Aim of the exercise
Return nothing but the lines from the one with "Elegant hallway with" through the one with "Шолом боксерський з" in the data below, word for word and without pictures.

Records supplied
--- --- ---
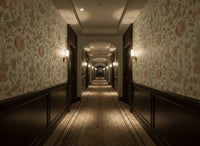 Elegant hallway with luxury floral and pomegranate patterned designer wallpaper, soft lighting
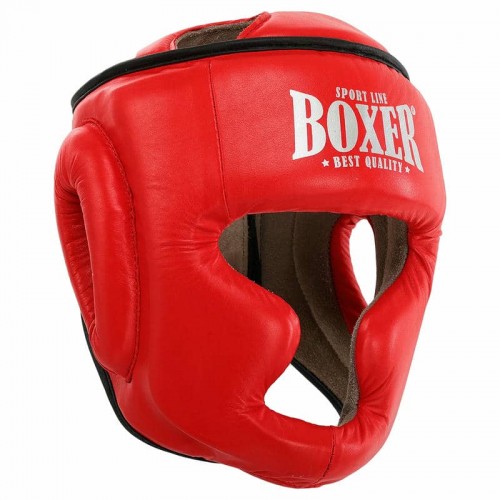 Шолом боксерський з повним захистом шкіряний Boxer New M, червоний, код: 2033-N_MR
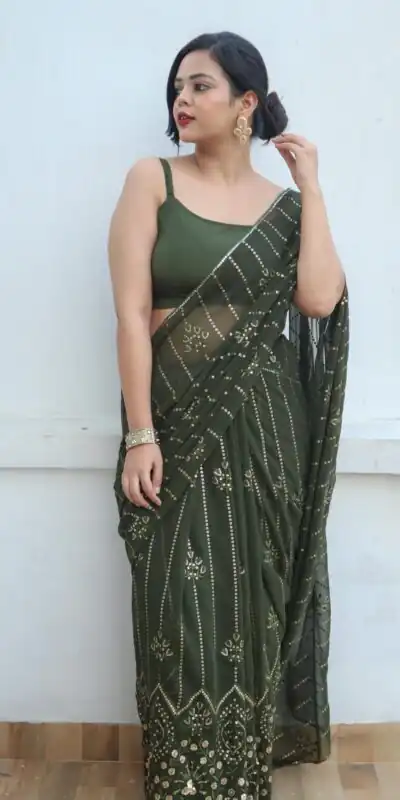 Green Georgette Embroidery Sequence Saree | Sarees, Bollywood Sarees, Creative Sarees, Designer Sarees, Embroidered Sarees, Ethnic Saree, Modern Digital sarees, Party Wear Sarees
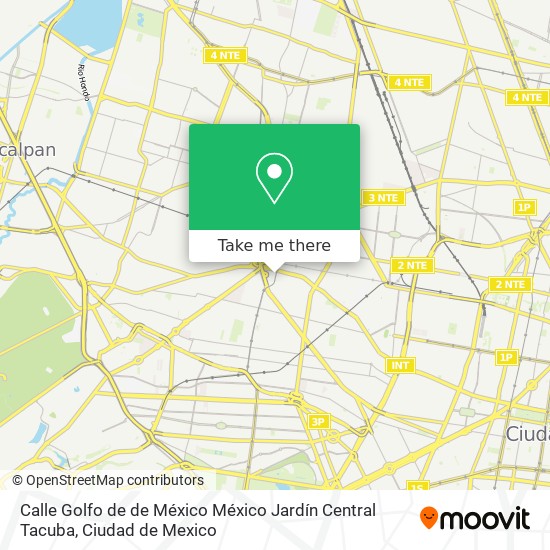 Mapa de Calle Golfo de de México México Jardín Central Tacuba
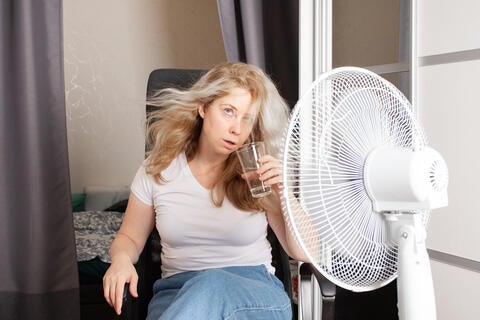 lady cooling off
--- --- ---
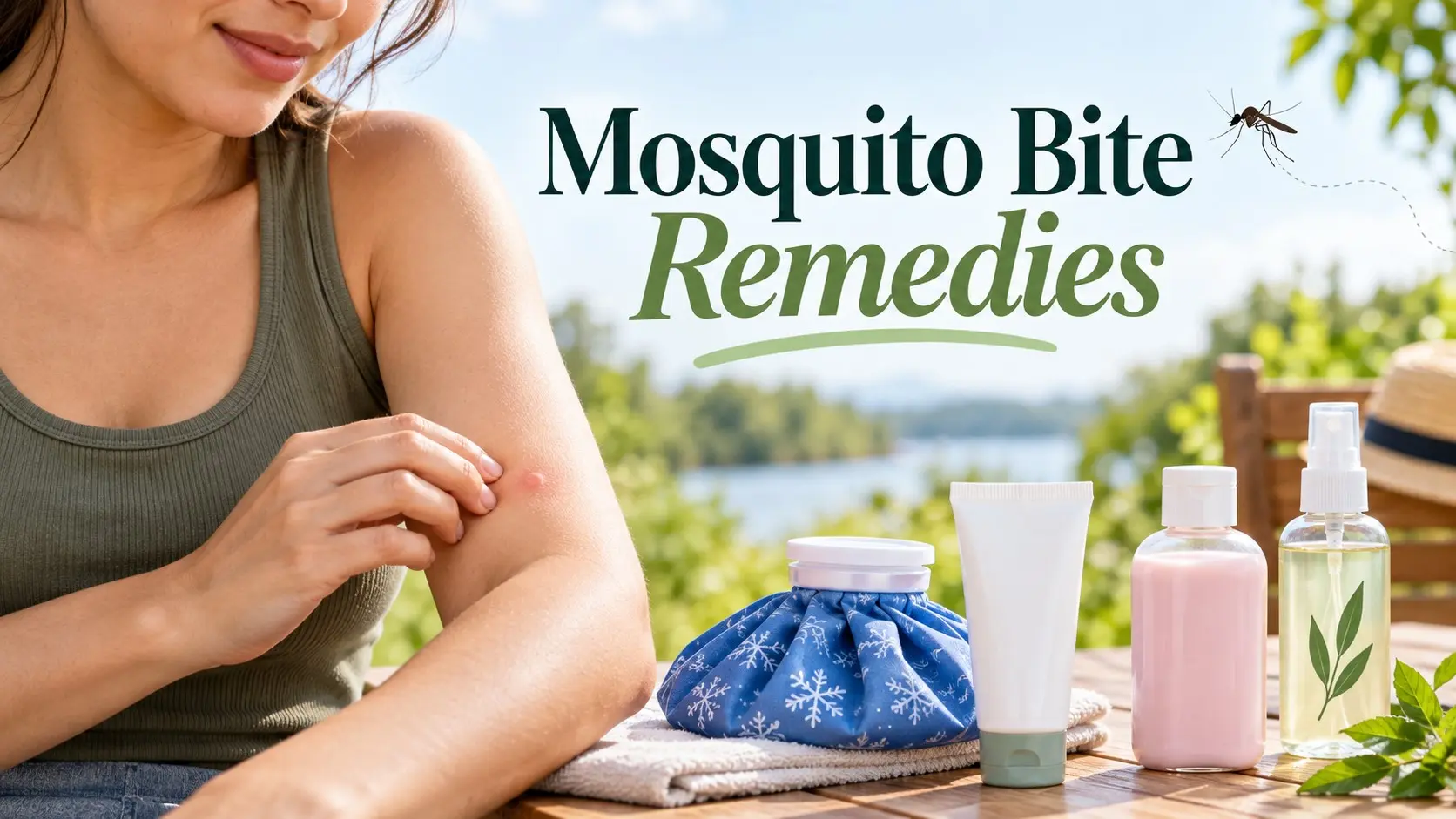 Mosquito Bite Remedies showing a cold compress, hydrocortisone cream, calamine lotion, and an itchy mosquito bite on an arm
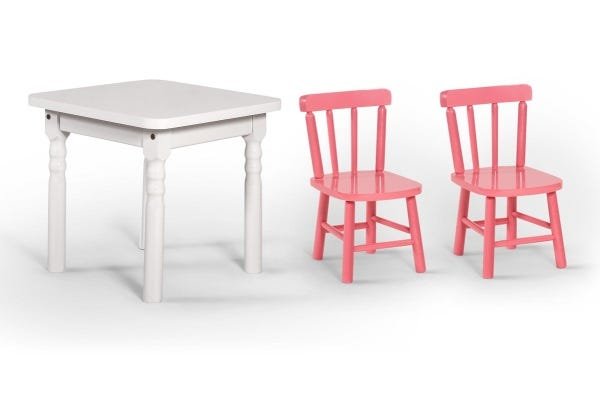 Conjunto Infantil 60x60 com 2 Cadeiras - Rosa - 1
--- --- ---
Solution
 Elegant hallway with luxury floral and pomegranate patterned designer wallpaper, soft lighting
 Шолом боксерський з повним захистом шкіряний Boxer New M, червоний, код: 2033-N_MR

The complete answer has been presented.